There is no self-reference in the definition of the anti-diagonal
function. The anti-diagonal function is a two-place function

f(L,n)

which returns a digit for each list L and for each natural number
n. It's a simple function:

First define a transformation on digits c(d) as follows:
c(5) = 4. If d is not equal to 5, then c(d) = 5.

Now, we define f(L,n) as follows:

f(L,n) = c(L(n,n))

where L(n,n) = the nth digit of the nth real in the list L.

Now, the antidiagonal real is defined by:

antiDiag(L) = that real r such that the integer part of r is 0,
and forall n, the nth digit of r is equal to f(L,n).

This is a function that given any list of reals L, returns
another real, antiDiag(L), which is guaranteed to not be on
the list L.

There is nothing self-referential about this definition.

>Are you saying you find a new_sequence_of_digits using
>diagonalization on infinite lists?

Yes, I am absolutely saying that. Let's try it out with
a simple example.

Let's let L be the list containing the falling reals:

L_0 = 0.000...
L_1 = 0.300...
L_2 = 0.3300...
L_3 = 0.3330...
etc.

Then the antidiagonal will be
0.555...

This is clearly not on list L.

You can try yourself with different choices for the list L, as
long as it is possible to determine what the first real is,
what the second real is, etc.

--
Daryl McCullough
Ithaca, NY

From: Daryl McCullough on 9 Jun 2010 13:03
|-|ercules says...

>Are you saying you find a new_sequence_of_digits using diagonalization on
>infinite lists?
>
>Like 260?
>
>How so when ALL (INFINITELY MANY) digits of ALL digit sequences are computable?

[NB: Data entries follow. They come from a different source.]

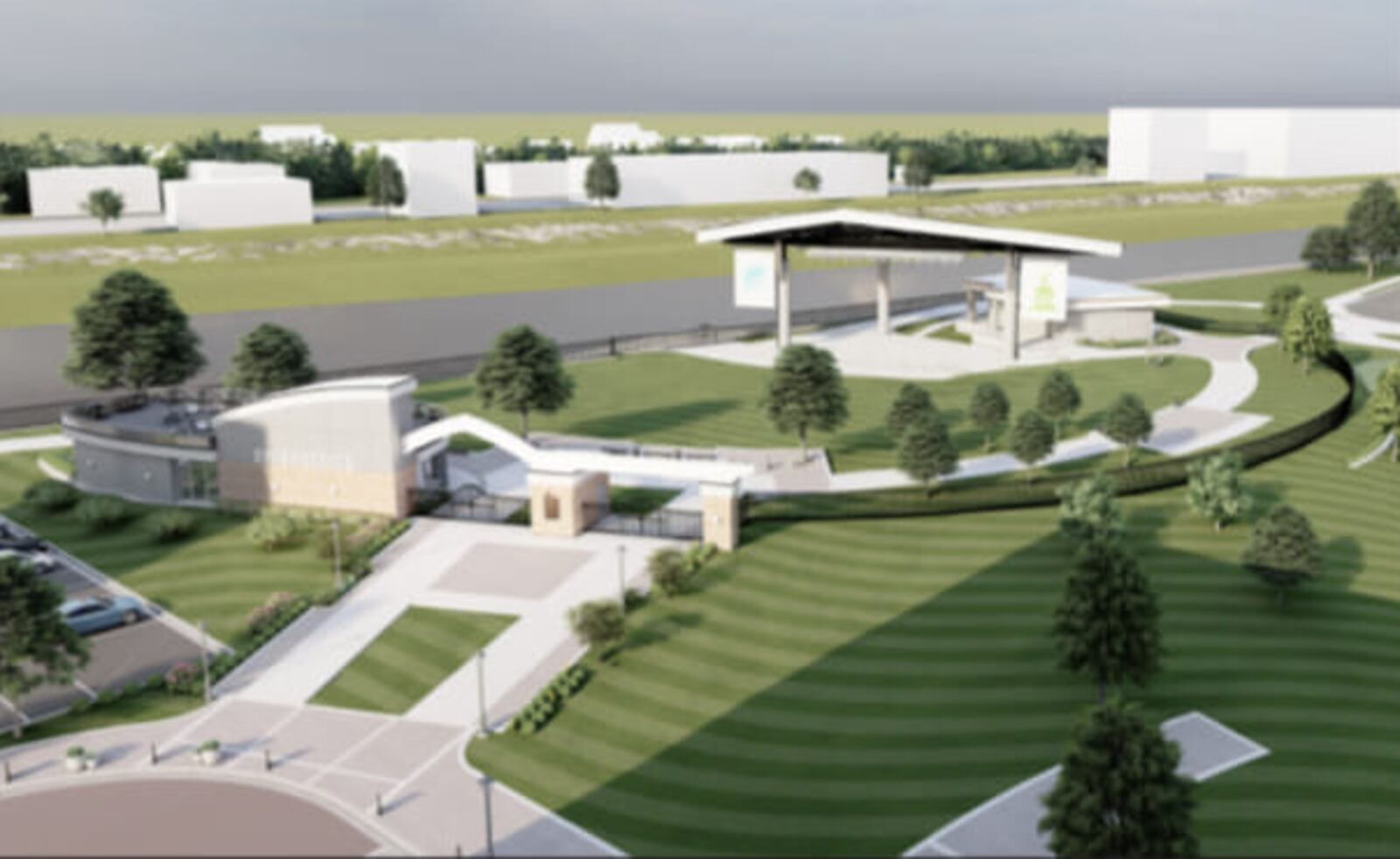 RiversEdge in Hamilton, an outdoor concert space, will undergo a redesign that could include a bigger roof, fencing around the complex and concrete work. These renderings of potential upgrades were released by RiversEdge on July 11, 2024. CITY OF HAMILTON/CONTRIBUTED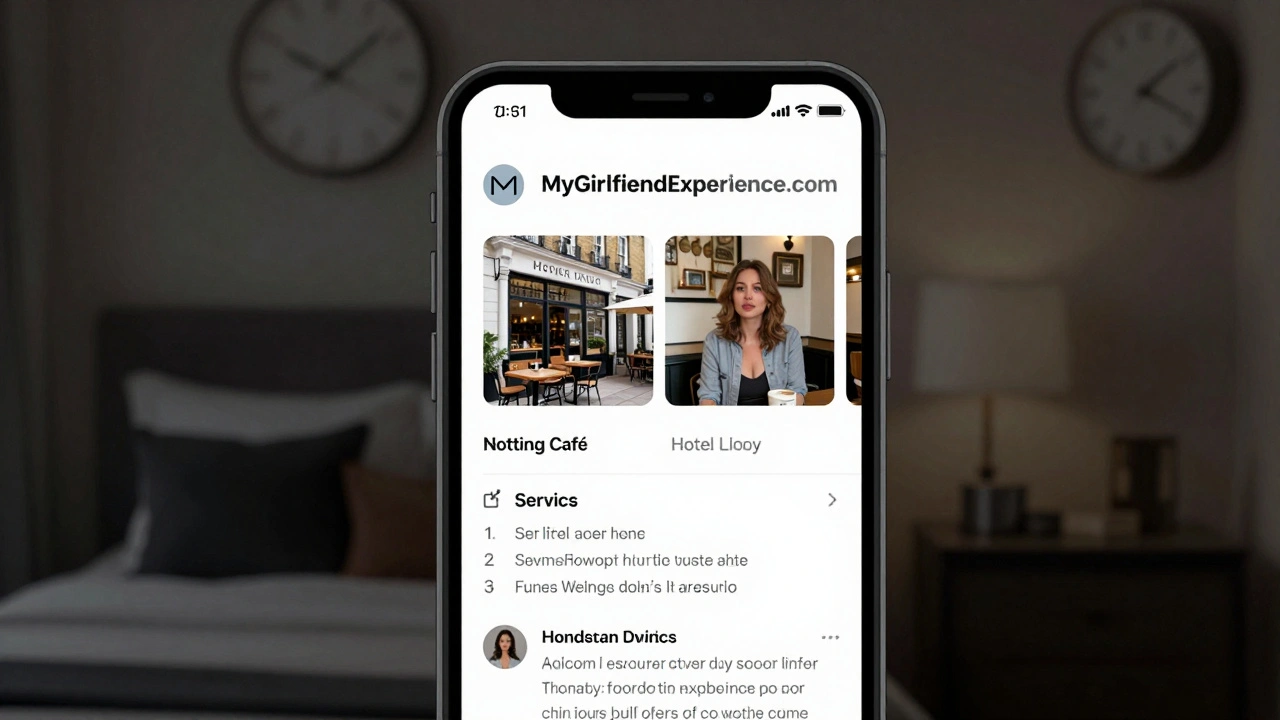 A smartphone screen shows a verified escort profile with real photos and detailed reviews in a London setting.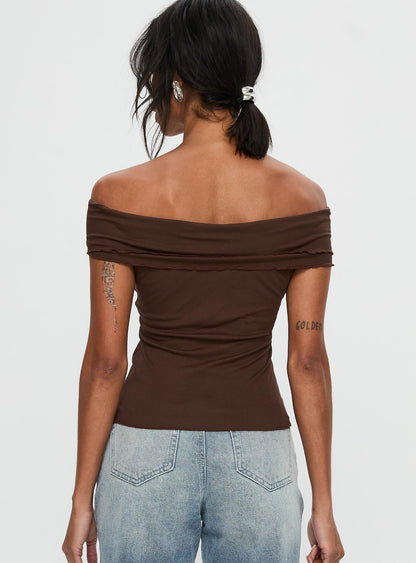 Suspiria Twist Off Shoulder Top Chocolate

Yes, all finite sequences of digits are computable. So let's
go ahead and assume that we have a list that includes every
finite sequence of digits. For definiteness, let's use the following
rule: Let real number n be the decimal representation of n, preceded
by a decimal point. So, we have:

L_0 = 0.0
L_1 = 0.1
L_2 = 0.2
....
L_10 = 0.10
L_11 = 0.11
....
L_100 = 0.100
....

The way I've enumerated them, some numbers appear more than once. For
example, L_1 is equal (as a real number) to L_10. But that doesn't matter.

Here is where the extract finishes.